A few months ago I wrote a column with the title “The Road to Hell is Paved with Eggshells.” I’m here today to tell you that thoroughfare isn’t surfaced with just eggshells, but broken glass and land mines. Even when I mean well (which is most of the time), my maladroitness is enough to kill me. (And, by some lights, clumsiness is more offensive that actual evil.) When I am feeling devilish enough to say what I really think, I’m doomed.
In taking on this publishing endeavor, I flattered myself that I was close enough in appearance and demeanor to a Nostalgia Bro to pass among the tribe undetected. I’ve listened to tens of thousands of old records (on shellac and CD), enough to discern gold from guilty pleasures. I can smell an anachronism at fifty paces. I concur that movies were more fun before the Production Code went into effect. The shibboleth that smoked me out as not being a genuine Nostalgia Bro is that I find myself quite unable to praise a piece of popular culture merely because it is old. (Also, I never got around to acquiring a Hawaiian shirt.)

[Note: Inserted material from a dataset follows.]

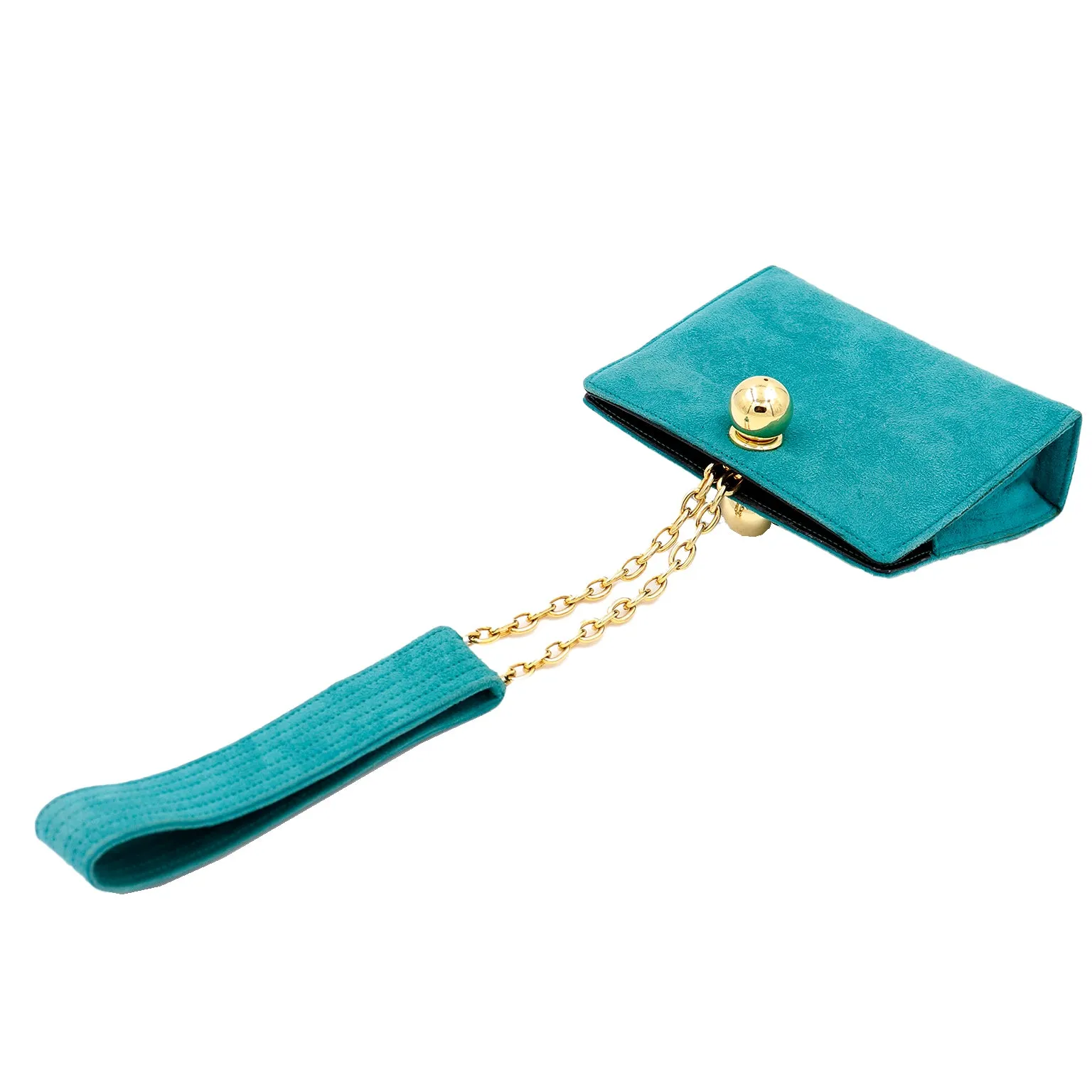 1980s Jean Claude Jitrois Green Suede Wristlet Bag W Gold Chains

There are Nostalgia Bros whose friendship I cherish. Unfortunately, I’ve repeatedly strained those alliances because I am utterly unable to keep my trap buttoned—or to merely damn with faint praise—when confronted with a cultural artifact that makes my eyes roll. I can’t gush along with the choir. As such, I reveal myself to be a Fauxstalgia Bro, at best. I have to step outside the Church of St. Joe Franklin to cackle and hoot and blaspheme at the top of my voice.
I do regret the effect my raw heathenism has on my friends. Most days, I can tamp it down enough that it doesn’t influence what I do here. However, just as when I am with a Nostalgia Bro I can gab endlessly about the most subtle aspects of exquisite old recordings, when I encounter another unbeliever there is likely to be crockery thrown. That did happen recently.
I did not reckon that our little ruckus was going to cause hurt feelings. I was certainly complicit in the vandalism (of, in this case, a much-loved film), and encouraged it. I did not fully take into account that to some certain works of popular culture are seen as sacred. I have as much difficulty embracing that level of real Nostalgia as I do ecstatic religion or blind patriotism. If I were to choose my epitaph (if I merit one), it would be what Dvořák said of Brahms: “Such a man, such a fine soul—and he believes in nothing! He believes in nothing!”
I do believe in not gratuitously causing others pain, whatever my unsentimental impulses. Chief among those impulses is to let it out when I can’t hold it in any longer. No one (except perhaps my wife) has any idea of all the things I really wanted to say, but didn’t. I suspect all those nasty unspoken utterances will gang up on me and sublimate as a hernia. A hernia is still preferable to being shamed on the internet.
With my distaste for pure Nostalgia now declared, I begin to wonder if I am in the right trade. I wonder until I consider that it doesn’t really matter how I feel when I am doing a job that so far no one else has expressed a desire to do. That I am pledged to keep doing it bespeaks a certain level of Nostalgia (for the music we celebrate)—and belief in something (the medium of print), itself.
If one shows up on my doorstep with a monocle, a Hawaiian shirt, and a copy of Fowler’s Modern English Usage, I will be sorely tempted to relinquish my post.